- **Aim of the task**: Each line below is to be written out in full, exactly as shown.

- **Information shown**:
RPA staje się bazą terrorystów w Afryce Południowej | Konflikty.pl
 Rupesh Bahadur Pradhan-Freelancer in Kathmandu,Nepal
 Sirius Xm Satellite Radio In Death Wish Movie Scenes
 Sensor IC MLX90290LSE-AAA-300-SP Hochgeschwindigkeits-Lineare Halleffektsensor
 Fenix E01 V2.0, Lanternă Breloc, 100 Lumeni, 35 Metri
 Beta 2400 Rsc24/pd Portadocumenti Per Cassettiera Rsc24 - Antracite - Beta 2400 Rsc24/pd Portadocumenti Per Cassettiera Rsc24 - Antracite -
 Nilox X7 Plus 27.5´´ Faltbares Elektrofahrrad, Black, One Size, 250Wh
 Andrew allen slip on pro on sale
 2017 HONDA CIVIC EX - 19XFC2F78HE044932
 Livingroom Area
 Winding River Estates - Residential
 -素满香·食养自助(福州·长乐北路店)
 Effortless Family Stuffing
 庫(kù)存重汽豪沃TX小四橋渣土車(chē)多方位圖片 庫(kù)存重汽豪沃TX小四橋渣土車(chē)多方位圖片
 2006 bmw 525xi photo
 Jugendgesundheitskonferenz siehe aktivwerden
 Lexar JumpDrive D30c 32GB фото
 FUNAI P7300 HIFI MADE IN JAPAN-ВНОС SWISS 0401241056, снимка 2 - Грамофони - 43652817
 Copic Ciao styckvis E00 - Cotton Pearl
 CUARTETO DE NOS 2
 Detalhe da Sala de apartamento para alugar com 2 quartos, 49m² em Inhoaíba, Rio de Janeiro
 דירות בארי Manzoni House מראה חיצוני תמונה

- **Problem solution**:
RPA staje się bazą terrorystów w Afryce Południowej | Konflikty.pl
 Rupesh Bahadur Pradhan-Freelancer in Kathmandu,Nepal
 Sirius Xm Satellite Radio In Death Wish Movie Scenes
 Sensor IC MLX90290LSE-AAA-300-SP Hochgeschwindigkeits-Lineare Halleffektsensor
 Fenix E01 V2.0, Lanternă Breloc, 100 Lumeni, 35 Metri
 Beta 2400 Rsc24/pd Portadocumenti Per Cassettiera Rsc24 - Antracite - Beta 2400 Rsc24/pd Portadocumenti Per Cassettiera Rsc24 - Antracite -
 Nilox X7 Plus 27.5´´ Faltbares Elektrofahrrad, Black, One Size, 250Wh
 Andrew allen slip on pro on sale
 2017 HONDA CIVIC EX - 19XFC2F78HE044932
 Livingroom Area
 Winding River Estates - Residential
 -素满香·食养自助(福州·长乐北路店)
 Effortless Family Stuffing
 庫(kù)存重汽豪沃TX小四橋渣土車(chē)多方位圖片 庫(kù)存重汽豪沃TX小四橋渣土車(chē)多方位圖片
 2006 bmw 525xi photo
 Jugendgesundheitskonferenz siehe aktivwerden
 Lexar JumpDrive D30c 32GB фото
 FUNAI P7300 HIFI MADE IN JAPAN-ВНОС SWISS 0401241056, снимка 2 - Грамофони - 43652817
 Copic Ciao styckvis E00 - Cotton Pearl
 CUARTETO DE NOS 2
 Detalhe da Sala de apartamento para alugar com 2 quartos, 49m² em Inhoaíba, Rio de Janeiro
 דירות בארי Manzoni House מראה חיצוני תמונה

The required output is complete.